Google has been given another 35 days to delete the remaining data it “mistakenly collected” while taking pictures for its Street View service, or face criminal proceedings.
Google had previously pledged to destroy all data it had collected, but admitted last year that it had “accidentally” retained the additional discs.
The ICO has told the search giant it must inform it if any further discs of information are discovered.
“Today’s enforcement notice strengthens the action already taken by our office, placing a legal requirement on Google to delete the remaining payload data identified last year within the next 35 days and immediately inform the ICO if any further discs are found,” said Stephen Eckersley, the office’s head of enforcement.
Google claimed that it did not plan to collect any personal data, and that the engineer was acting independently. However, it later transpired that at least one senior manager at the company was aware the collection was taking place.
To date, various regulators around the world have for the most part agreed with this assertion, concluding that the “mistakenly” gathered data was a result of sloppy management at a low level, rather than misguided direction from the top.
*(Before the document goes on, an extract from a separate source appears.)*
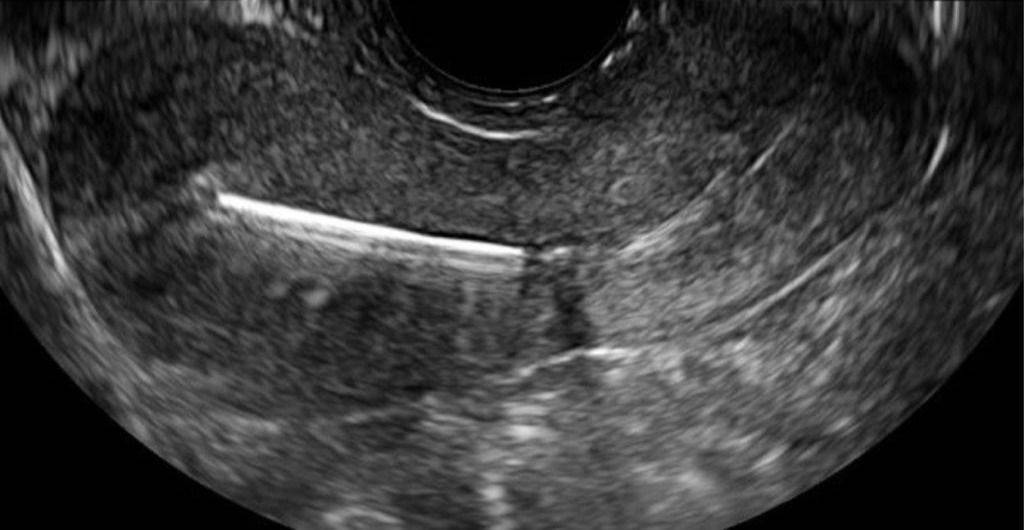 Ovēa IUD scan review photo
This warning however might have more teeth as failure to abide by the notice will be considered as contempt of court, which is a criminal offence.
It concluded that the collection of the data in 2010 was due to “procedural failings and a serious lack of management oversight”, but agreed with Google’s assertion that the company did not order the actions at a corporate level.
Inquiries into Google’s data gathering began in 2010 when it emerged an engineer had written software code to gather information from unsecured wi-fi networks.
However Nick Pickles, director of the privacy campaigners Big Brother Watch, criticised the ICO decision.
“People will rightly look at the UK’s approach to this issue and ask why, given regulators in the US and Germany have fined Google for exactly the same infringement, it is being allowed to escape with a slap on the wrist in Britain. Is our privacy somehow less worthy of protection?”